Parece Mesmo o Paraíso by John Cheever

Parece Mesmo o Paraíso Parece Mesmo o Paraíso by John Cheever
My rating: 4 of 5 stars

Sears, um homem já de certa idade, viúvo duas vezes, telefona à filha, que mora em Janice, perto do Lago de Beasley, antes de ir passar um dia a patinar no lago gelado. Duas semanas mais tarde, já com o lago descongelado, percebe que o transformaram num local de descarga de entulho, controlado pela Máfia que controla o Conselho Municipal, para quem Salazzo, um antigo barbeiro local, faz as cobranças ilegais. Sears contrate Chisholm, um advogado e ativista ambiental, para litigar sobre o lago. Na fila da caixa de um banco, Sears conhece Renée, uma bela mulher, mais nova que ele, sexy e misteriosa, com quem acaba por ter um caso. Mas quando ela o abandona, ele fica inconsolável e envolve-se sexualmente com Eduardo, o ascensorista do prédio de Renée. Confuso sobre a sua sexualidade, consulta um psiquiatra, constatando que ele é "uma solteirona homossexual". E por aí adiante... com Chisholm a encontrar na berma da estrada um bebé esquecido por Betsy, a vizinha de Salazzo em Janice...

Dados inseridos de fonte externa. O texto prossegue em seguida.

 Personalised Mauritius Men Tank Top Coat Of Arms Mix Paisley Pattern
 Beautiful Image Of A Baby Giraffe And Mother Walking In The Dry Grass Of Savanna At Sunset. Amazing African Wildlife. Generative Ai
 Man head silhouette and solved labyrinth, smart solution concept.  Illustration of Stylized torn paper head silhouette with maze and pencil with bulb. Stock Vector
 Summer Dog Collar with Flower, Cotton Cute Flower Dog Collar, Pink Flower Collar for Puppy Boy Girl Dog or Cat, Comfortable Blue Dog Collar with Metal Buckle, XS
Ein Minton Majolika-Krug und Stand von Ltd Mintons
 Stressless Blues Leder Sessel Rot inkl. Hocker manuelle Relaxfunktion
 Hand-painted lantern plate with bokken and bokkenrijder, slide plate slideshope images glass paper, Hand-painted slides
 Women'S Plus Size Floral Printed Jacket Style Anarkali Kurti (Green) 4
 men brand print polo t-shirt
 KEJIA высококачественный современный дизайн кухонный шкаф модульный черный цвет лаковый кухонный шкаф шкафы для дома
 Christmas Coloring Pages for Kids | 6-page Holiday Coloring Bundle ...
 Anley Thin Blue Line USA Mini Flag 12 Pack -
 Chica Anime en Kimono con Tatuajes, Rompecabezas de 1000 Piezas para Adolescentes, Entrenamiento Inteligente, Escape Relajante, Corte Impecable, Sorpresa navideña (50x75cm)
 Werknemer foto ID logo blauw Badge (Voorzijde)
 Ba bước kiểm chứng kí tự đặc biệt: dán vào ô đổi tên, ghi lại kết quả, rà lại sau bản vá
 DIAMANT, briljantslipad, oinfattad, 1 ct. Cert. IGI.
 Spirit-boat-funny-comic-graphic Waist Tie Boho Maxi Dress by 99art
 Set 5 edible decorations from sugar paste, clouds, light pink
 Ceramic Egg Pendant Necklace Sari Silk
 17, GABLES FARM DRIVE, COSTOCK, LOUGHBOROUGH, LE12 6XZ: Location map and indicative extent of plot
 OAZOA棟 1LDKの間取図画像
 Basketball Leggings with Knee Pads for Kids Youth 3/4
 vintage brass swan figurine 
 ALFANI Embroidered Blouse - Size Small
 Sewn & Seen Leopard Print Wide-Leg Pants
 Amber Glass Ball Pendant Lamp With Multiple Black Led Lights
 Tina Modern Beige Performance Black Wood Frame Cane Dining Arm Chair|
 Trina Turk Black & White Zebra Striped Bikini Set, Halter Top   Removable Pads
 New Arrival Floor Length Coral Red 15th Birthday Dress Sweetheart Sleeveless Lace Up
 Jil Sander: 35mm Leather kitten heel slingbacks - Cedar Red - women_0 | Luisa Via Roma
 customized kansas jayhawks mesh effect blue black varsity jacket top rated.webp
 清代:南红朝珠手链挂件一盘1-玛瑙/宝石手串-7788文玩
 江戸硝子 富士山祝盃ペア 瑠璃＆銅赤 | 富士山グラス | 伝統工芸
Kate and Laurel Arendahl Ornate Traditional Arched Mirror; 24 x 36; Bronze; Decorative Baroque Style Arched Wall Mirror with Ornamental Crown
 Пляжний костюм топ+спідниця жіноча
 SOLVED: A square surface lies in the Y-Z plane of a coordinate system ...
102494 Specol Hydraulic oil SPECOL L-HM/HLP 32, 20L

De facto, o enredo, se é que existe enredo, não é importante neste conto de Cheever. O que é fascinante neste livro é o olhar perspicaz e as reflexões do narrador sobre o redemoinho de personagens e acontecimentos que nos são apresentados numa escrita rápida, fluída e sucinta, empurrando-nos página a página até chegarmos ao desfecho final, se é que há desfecho final...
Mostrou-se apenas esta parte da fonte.